The “backfly” is a maneuver to fly a flexible kite backwards by acting on the trailing edge. On a 4 lines kite we act on the two back lines as “full brakes” to obtain a “backfly”. Quick chained steps are made: releasing, pulling, releasing, pulling, in order to control the fast descent.
The topic Vertical trajectory for yo-yo AWES? mentions this not orthodox way of flight without using the “backfly” term.

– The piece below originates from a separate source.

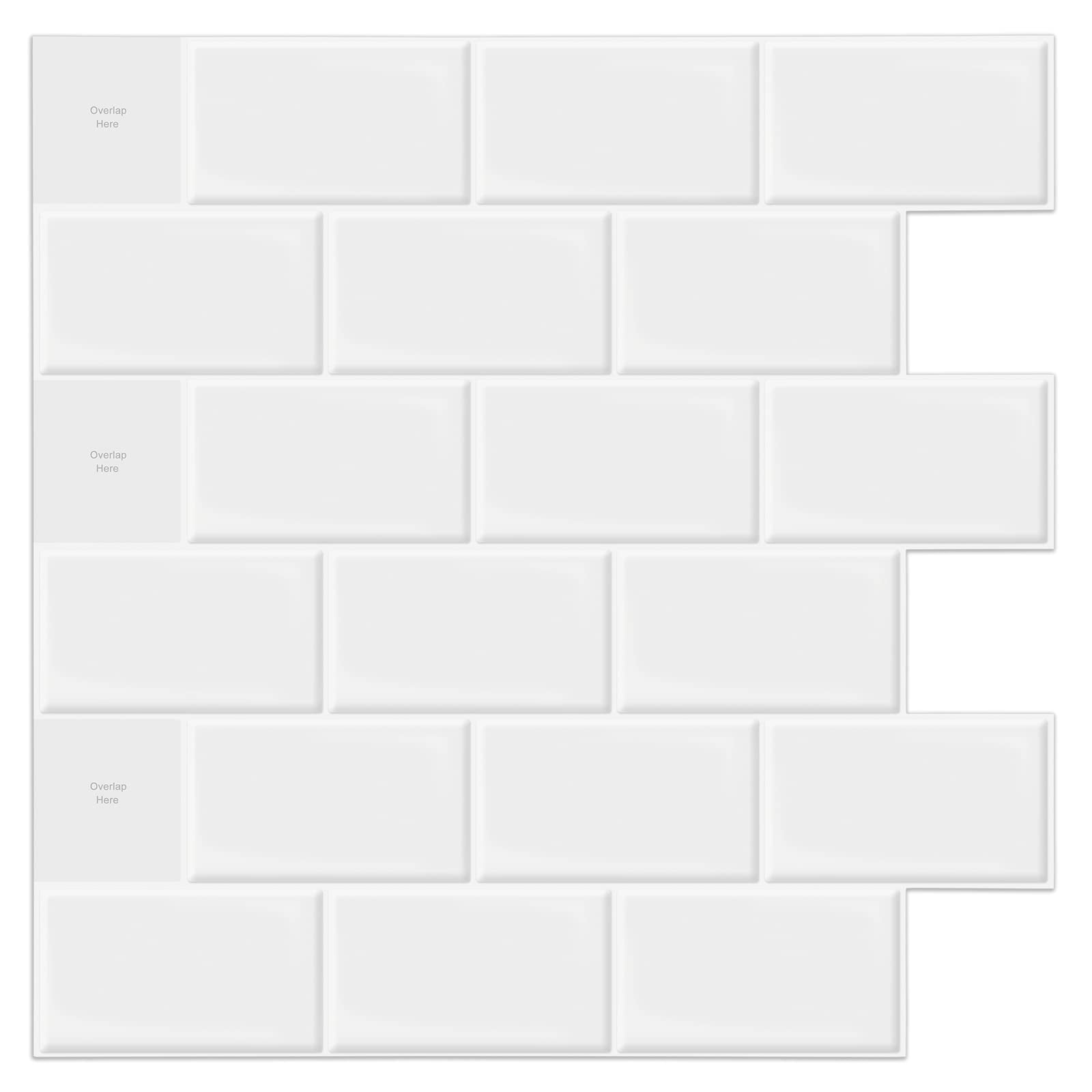 Long King Tile 12"x12" Peel and Stick Backsplash Tile Removable Subway Self-Adhesive Kitchen Backsplash Thicker Design(10-Pack)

Now there is some videos about flyback below:
The video below perfectly shows a backfly, at 8:10, the pilot saying “full brakes”, then a complete cycle upward flight and flyback between 8:30 and 8:42 (note that the speed of the kite is roughly the same during upward flight and flyback while the kite is fully depowered during flyback):
I verified the full depower during the flyback (low quality video as I both piloted and filmed):
The control of a flyback should be possible by automated management, using suitable algorithms and tests.
For AWE it could be a way to realize a full yo-yo mode, the kite flying upward during reel-out power phase, then flying backfly during reel-in depower phase. This sort of trajectory can allow the kite to stay in its lane. So A kite-farm maximizing the space and land use, mitigating entanglement risk, is more possible.
In the sketch below a fictional huge kite (span = tether length) is replacing with several kites side by side.
To borrow an image, let’s say that the space occupied by an AWES farm is like a racetrack or an athletics track, with lanes for each of the participants. If all participants use their respective lanes by using something similar to vertical path, the race can take place. If only one participant uses something like eight-figure with large radius turns he will have to encroach on the neighboring lanes, and the race cannot take place.